Alternative Schedulers
Basic Spark Submit
The following sections contain Scala, PySpark and runtime configuration variables to use with custom orchestration solutions.
Scala Spark pipelines
Prerequisites:
- Optional: Modify
ivysettings.xmlto point to a custom Maven mirror.
Given a Scala pipeline named "demo_pipeline" with a JAR artifact from PBT
called demo_pipeline-1.0.jar you could call the following commands to invoke the Main class from the JAR
file and run the pipeline on a local Spark cluster.
Make sure to use the correct version of io.prophecy:prophecy-libs_2.12 for your pipeline.
Find this version in the pom.xml or pbt_project.yml in the pipeline's source code directory.

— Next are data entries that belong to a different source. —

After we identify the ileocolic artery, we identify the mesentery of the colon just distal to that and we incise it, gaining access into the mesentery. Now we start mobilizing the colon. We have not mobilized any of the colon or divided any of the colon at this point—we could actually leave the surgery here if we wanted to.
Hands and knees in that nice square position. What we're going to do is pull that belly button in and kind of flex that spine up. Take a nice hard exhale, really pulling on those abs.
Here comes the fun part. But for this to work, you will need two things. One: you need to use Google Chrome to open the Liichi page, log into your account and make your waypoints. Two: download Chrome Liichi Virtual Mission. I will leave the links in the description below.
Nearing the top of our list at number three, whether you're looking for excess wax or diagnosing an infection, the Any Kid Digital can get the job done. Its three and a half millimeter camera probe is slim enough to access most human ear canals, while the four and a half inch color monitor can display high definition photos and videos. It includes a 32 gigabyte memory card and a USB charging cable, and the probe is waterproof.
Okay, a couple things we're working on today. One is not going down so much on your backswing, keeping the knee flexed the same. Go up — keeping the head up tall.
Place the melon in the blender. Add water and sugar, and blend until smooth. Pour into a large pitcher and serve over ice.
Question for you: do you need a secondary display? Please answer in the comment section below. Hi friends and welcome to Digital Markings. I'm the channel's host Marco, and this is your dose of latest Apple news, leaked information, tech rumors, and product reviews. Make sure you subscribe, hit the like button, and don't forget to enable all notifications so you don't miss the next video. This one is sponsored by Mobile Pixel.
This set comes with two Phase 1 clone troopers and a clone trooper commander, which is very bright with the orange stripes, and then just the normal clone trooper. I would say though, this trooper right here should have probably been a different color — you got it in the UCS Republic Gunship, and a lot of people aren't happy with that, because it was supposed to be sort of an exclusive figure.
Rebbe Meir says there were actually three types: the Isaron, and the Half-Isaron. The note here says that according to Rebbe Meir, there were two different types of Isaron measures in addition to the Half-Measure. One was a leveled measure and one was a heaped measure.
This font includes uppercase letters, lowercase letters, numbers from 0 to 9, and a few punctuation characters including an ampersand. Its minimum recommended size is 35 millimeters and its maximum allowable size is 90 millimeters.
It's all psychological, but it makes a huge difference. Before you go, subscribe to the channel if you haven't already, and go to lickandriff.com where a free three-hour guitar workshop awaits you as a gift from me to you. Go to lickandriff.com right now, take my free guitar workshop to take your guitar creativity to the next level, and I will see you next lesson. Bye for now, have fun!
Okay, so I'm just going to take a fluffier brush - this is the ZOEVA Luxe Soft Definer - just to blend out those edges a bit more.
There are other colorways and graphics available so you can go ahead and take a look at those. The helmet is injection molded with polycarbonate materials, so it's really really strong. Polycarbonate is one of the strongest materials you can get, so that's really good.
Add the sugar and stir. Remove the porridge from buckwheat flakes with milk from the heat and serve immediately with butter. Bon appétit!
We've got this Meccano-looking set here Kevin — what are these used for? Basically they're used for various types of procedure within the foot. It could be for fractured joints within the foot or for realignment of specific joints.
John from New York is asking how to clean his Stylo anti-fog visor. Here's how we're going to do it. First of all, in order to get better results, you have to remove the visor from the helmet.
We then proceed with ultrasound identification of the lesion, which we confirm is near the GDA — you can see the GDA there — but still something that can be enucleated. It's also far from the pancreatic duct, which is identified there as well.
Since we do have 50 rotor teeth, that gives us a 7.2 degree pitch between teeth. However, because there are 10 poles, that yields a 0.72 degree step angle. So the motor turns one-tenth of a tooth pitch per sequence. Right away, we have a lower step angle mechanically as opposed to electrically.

Alternatively use a tool like jdeps on the jar file itself.
spark-submit \
--master yarn \
--deploy-mode cluster \
--driver-memory 8g \
--executor-memory 4g \
--executor-cores 4 \
--packages io.prophecy:prophecy-libs_2.12:3.5.0-8.0.29 \
--class io.prophecy.pipelines.demo_pipeline.Main \
demo_pipeline-1.0.jar -i default -O "{}"
PySpark pipelines
Prerequisites:
- Install Python dependencies by installing the WHL file using
pip.pip install ./demo_pipeline-1.0-py3-none-any.whl
- Gather necessary Maven dependencies and put into the
--jars(local) or--packages(repo) option.- PBT will have a command to generate dependencies or pom.xml for PySpark projects.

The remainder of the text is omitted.